Crawled caption data:
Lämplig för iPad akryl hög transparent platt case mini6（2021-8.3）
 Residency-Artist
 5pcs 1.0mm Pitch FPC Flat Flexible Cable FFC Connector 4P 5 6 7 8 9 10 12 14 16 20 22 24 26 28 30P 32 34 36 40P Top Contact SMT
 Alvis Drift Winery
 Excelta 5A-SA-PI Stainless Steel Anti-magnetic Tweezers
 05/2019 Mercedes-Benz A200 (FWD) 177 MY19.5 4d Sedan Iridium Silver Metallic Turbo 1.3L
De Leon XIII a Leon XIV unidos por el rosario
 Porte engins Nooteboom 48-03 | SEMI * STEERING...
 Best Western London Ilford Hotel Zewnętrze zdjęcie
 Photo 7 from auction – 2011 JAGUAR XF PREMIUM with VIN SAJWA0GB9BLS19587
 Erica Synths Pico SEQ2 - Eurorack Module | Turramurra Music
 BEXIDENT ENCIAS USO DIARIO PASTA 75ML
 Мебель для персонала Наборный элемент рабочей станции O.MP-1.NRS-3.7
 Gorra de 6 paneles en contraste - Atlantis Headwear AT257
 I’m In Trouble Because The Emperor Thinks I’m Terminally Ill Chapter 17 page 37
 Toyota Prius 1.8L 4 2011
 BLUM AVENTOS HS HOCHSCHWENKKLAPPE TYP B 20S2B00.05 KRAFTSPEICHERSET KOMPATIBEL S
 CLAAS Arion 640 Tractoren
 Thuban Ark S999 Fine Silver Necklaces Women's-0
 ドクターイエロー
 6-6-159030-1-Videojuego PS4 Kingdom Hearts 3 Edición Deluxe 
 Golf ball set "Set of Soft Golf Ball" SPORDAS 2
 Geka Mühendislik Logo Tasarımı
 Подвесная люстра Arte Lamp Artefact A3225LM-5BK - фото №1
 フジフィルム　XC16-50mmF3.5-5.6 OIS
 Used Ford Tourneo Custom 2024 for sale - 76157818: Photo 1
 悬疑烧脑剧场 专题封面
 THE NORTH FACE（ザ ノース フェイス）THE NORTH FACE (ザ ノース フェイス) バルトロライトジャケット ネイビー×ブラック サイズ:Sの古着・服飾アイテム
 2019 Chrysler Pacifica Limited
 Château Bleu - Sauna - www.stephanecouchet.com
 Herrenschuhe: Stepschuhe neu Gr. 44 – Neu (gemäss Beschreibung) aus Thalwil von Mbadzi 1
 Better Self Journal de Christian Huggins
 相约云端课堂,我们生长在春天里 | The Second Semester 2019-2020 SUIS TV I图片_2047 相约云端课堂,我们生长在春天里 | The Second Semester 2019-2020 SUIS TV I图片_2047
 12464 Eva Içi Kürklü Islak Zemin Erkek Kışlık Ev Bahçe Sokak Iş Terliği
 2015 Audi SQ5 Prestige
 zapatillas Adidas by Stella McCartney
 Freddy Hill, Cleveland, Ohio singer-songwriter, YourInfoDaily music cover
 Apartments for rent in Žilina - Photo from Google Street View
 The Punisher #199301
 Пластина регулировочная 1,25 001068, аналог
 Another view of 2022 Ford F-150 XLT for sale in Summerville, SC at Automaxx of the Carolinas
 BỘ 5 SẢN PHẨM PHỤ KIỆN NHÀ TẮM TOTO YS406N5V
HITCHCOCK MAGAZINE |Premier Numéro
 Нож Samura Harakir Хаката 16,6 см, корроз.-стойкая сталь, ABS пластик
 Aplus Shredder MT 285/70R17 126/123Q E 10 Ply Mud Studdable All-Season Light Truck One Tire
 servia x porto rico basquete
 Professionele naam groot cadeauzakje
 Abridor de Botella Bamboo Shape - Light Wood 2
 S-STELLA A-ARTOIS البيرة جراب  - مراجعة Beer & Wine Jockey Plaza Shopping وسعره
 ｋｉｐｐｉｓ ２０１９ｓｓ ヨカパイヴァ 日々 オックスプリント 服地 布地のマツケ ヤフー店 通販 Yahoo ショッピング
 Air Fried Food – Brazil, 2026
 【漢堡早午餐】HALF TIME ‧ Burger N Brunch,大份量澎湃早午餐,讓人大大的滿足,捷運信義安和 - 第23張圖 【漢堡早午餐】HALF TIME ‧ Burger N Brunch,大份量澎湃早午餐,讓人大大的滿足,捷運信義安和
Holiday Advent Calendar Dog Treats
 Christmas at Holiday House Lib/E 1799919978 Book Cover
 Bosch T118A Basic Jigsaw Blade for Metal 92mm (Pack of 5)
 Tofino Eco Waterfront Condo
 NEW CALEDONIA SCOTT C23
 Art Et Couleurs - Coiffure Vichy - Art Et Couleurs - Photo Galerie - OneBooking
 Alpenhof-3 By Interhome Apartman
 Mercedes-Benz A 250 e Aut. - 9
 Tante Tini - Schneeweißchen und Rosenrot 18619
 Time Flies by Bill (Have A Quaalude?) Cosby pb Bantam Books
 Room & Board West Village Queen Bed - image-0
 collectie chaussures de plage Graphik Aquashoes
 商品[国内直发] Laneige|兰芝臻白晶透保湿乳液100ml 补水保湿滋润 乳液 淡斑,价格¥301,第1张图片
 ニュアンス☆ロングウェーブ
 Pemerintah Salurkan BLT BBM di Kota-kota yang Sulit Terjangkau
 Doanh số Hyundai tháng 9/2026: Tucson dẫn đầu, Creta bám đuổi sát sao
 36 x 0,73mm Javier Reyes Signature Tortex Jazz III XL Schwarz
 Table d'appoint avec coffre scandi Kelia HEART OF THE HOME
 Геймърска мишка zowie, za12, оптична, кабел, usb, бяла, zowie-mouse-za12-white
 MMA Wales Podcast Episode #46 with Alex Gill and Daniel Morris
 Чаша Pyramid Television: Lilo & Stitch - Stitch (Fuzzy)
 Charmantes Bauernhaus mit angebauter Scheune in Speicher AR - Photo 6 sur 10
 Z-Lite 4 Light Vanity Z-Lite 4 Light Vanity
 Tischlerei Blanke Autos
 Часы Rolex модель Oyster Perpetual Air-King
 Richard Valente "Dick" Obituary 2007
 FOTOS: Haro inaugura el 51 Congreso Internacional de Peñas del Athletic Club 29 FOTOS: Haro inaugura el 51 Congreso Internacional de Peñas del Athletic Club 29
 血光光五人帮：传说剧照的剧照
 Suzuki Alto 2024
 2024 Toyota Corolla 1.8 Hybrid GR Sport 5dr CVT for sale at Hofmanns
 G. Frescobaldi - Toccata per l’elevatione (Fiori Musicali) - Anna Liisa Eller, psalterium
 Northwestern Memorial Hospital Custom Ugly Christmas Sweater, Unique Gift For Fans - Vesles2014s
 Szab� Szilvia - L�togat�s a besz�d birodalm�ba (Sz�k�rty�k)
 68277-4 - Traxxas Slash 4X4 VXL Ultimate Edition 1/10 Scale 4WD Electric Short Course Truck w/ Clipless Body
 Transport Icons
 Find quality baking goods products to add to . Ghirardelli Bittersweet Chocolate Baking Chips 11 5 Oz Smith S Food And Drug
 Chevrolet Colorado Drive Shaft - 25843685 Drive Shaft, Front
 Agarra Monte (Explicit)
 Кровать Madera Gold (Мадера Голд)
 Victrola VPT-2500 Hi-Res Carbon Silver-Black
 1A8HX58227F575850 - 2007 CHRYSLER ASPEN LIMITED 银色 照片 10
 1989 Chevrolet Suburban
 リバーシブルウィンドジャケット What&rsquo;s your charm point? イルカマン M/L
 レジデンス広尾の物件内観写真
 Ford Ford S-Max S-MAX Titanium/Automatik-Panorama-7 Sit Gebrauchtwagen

§ **Problem to solve**
For this exercise, repeat exactly the lines of the data above from the one with "Used Ford Tourneo" down to the one with "Better Self Journal de Christian Huggins", both end lines included.

§ **Task response**
 Used Ford Tourneo Custom 2024 for sale - 76157818: Photo 1
 悬疑烧脑剧场 专题封面
 THE NORTH FACE（ザ ノース フェイス）THE NORTH FACE (ザ ノース フェイス) バルトロライトジャケット ネイビー×ブラック サイズ:Sの古着・服飾アイテム
 2019 Chrysler Pacifica Limited
 Château Bleu - Sauna - www.stephanecouchet.com
 Herrenschuhe: Stepschuhe neu Gr. 44 – Neu (gemäss Beschreibung) aus Thalwil von Mbadzi 1
 Better Self Journal de Christian Huggins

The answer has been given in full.